To Orlando, a place home to towns called Celebration, Enterprise, Reunion, Winter Haven, and of course: the “most magical place on earth.” You hug the costumed characters; you know they are human on the inside. When you’re older, and you hear of things, you question the safety of their cartooned embraces.

 At 18, you move to Florida to study English and theatre and writing and Christianity and late adolescence and independence and choice. At 21, you become a permanent resident. You move in with your best friends, into a two bedroom house with five women and occasionally a large coon hound. You grow tomatoes on the screen porch. You decorate a plastic Christmas tree in ninety five degree heat. You mow the lawn nearly naked, though you know your bareness is a hazard to your skin.

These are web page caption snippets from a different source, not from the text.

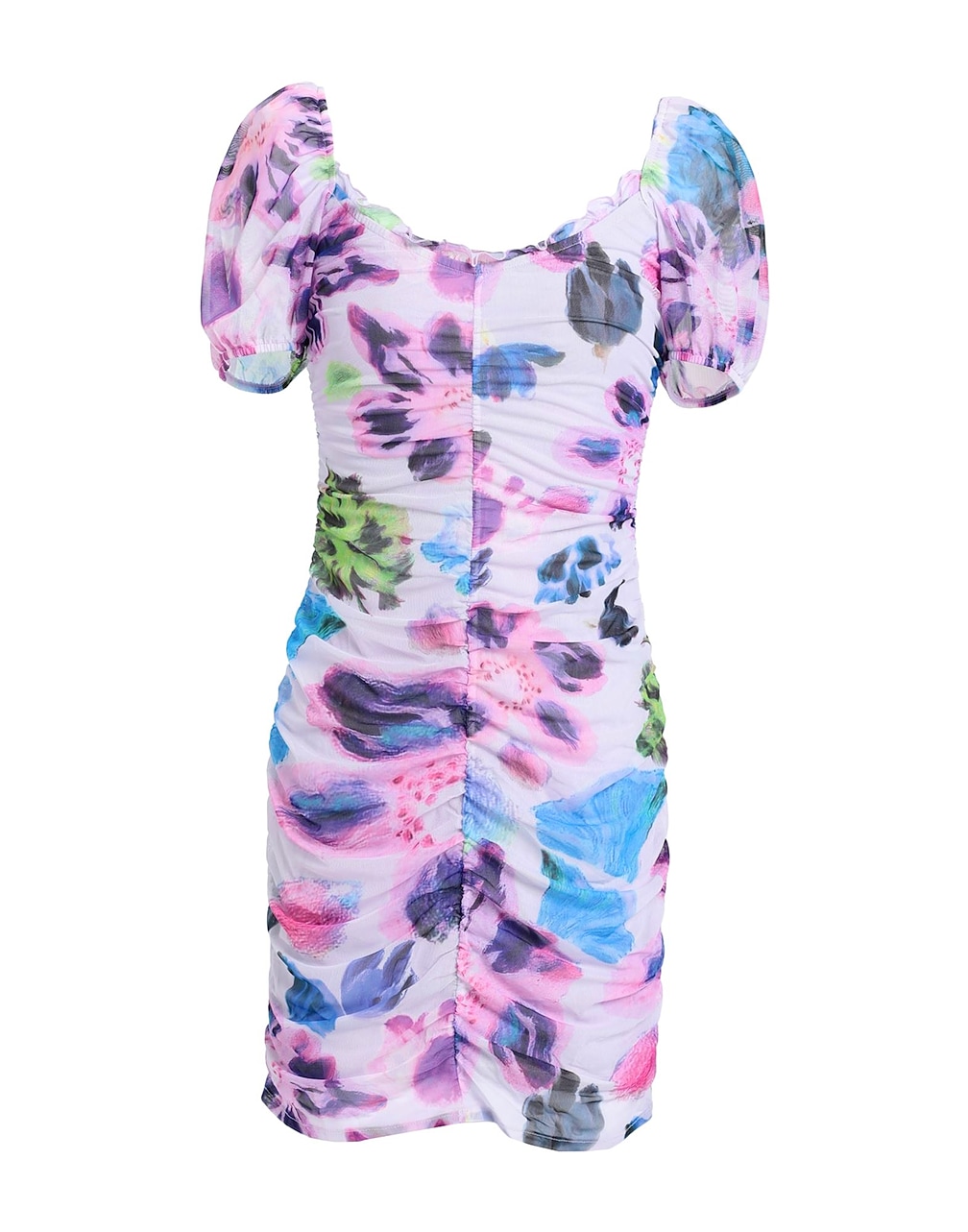 DESIGUAL - Mini dresses
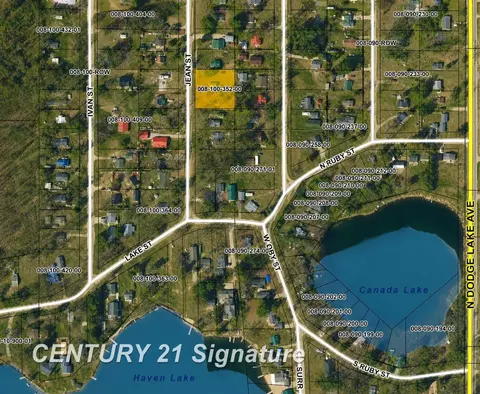 View/Area - 2662 Jean, Harrison, MI 48625 photo 2 of 2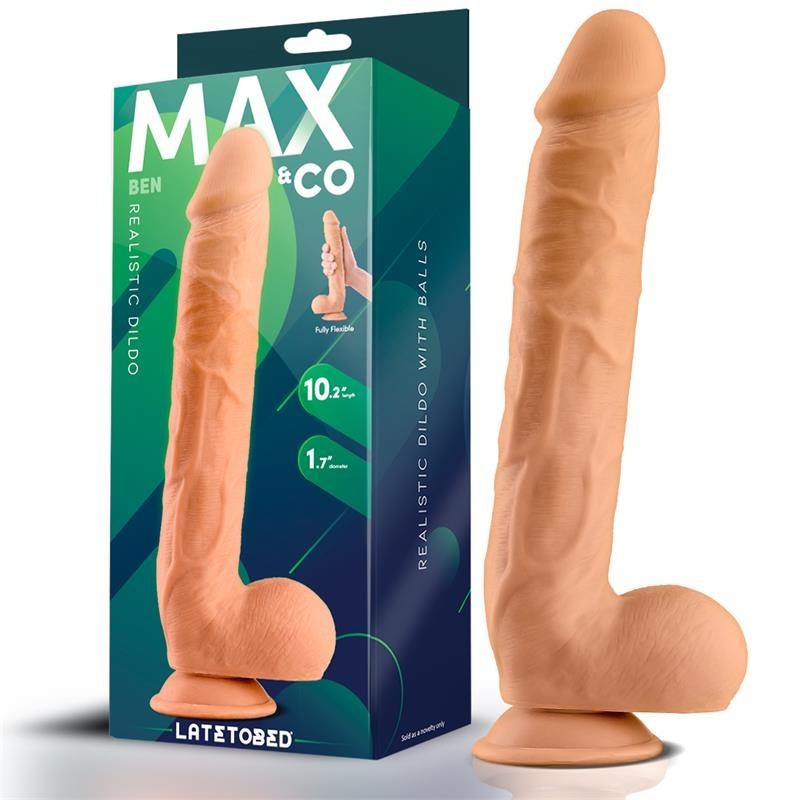 Fallo Maxi 25 cm Ben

You develop deep, deep friendships. You cry and sing down A1A, unsure how you could be so deep, deep, deep in America’s belly, surrounded by sun and sea and palm trees, and still feel the pitted ache of sadness in your chest. Can you run any further?

You let women pray over you—call demons out of your body, out of your chest, out of the pit and into another pit well within the earth, away from your spirit. You wonder if you can see them float away.

Your college science professor tells you that once, on a large lake in Orlando, he saw a man fall into a pit of water moccasins. He could hear the screams from 1,000 yards away.

You pass alligators on the side of the road on your way to your best friend’s new house. She lives in a community that has been hot and broken and beaten and broke since the great Okeechobee Hurricane, when the sea-flood waters crept miles and miles and miles into the Lake, and the dead floated all the way back to the Gulf stream.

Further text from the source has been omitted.